TASK GOAL — Find the line below with "White Used 2019" and the line with "James Donovan, FACHE, President". Output them and the lines between, exactly, but not the pictures.

DATA FOR ANALYSIS —
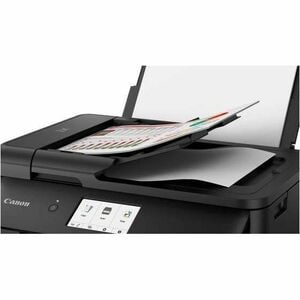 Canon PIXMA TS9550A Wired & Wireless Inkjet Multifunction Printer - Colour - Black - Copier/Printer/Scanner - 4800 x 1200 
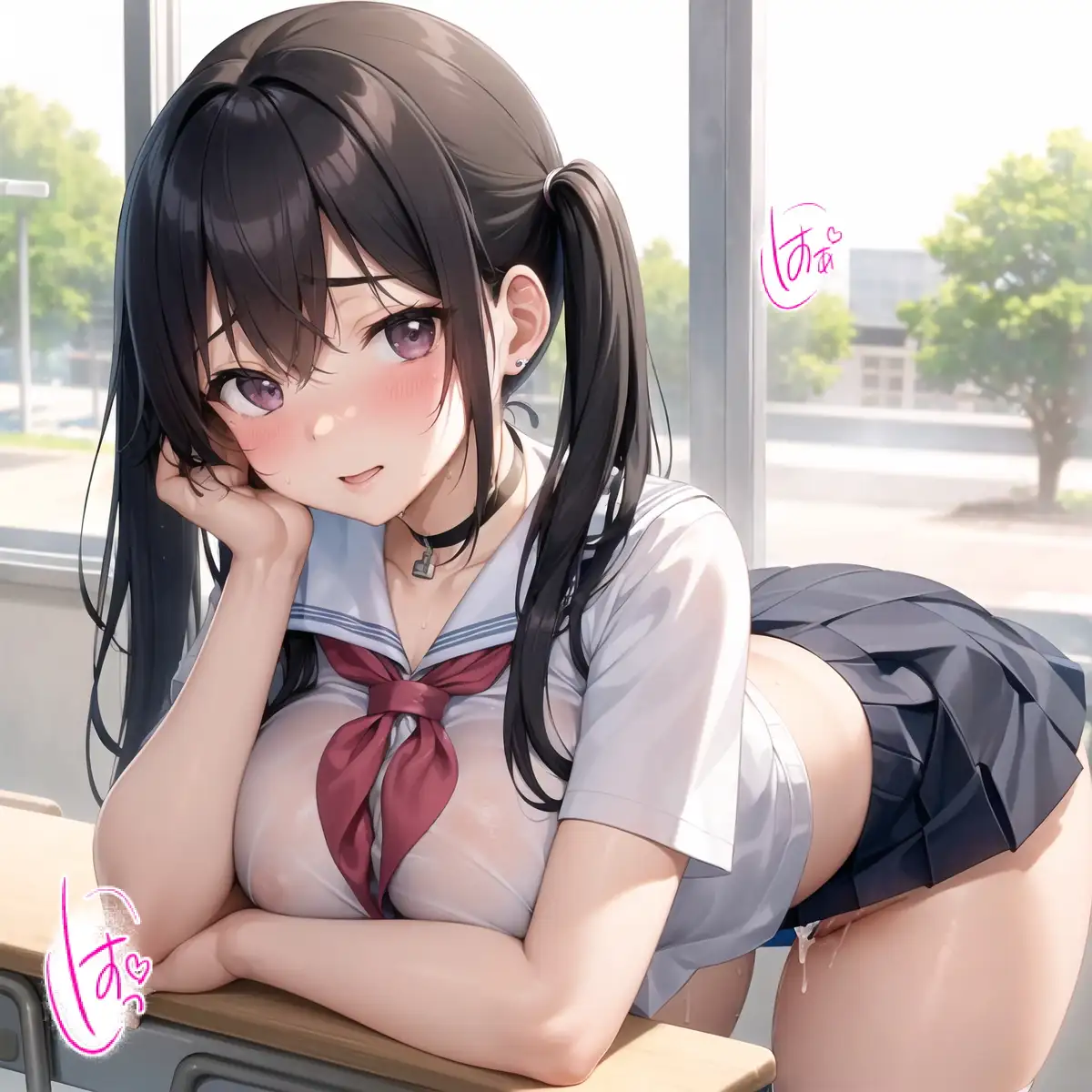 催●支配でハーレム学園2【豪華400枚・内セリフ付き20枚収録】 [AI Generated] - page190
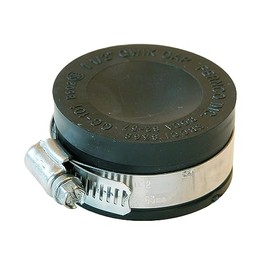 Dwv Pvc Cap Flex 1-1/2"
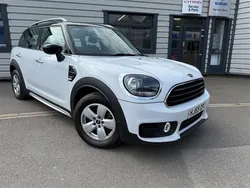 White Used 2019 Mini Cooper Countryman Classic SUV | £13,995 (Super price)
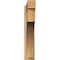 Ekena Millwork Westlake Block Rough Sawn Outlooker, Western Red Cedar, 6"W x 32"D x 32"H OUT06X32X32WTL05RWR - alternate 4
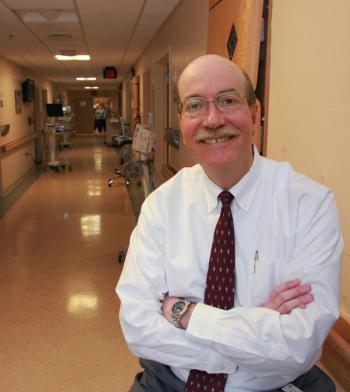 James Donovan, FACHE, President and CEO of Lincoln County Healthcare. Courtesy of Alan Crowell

==

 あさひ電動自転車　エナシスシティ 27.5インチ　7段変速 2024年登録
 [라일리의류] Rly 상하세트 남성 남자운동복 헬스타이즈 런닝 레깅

WRITTEN ANSWER —
 White Used 2019 Mini Cooper Countryman Classic SUV | £13,995 (Super price)
 Ekena Millwork Westlake Block Rough Sawn Outlooker, Western Red Cedar, 6"W x 32"D x 32"H OUT06X32X32WTL05RWR - alternate 4
 James Donovan, FACHE, President and CEO of Lincoln County Healthcare. Courtesy of Alan Crowell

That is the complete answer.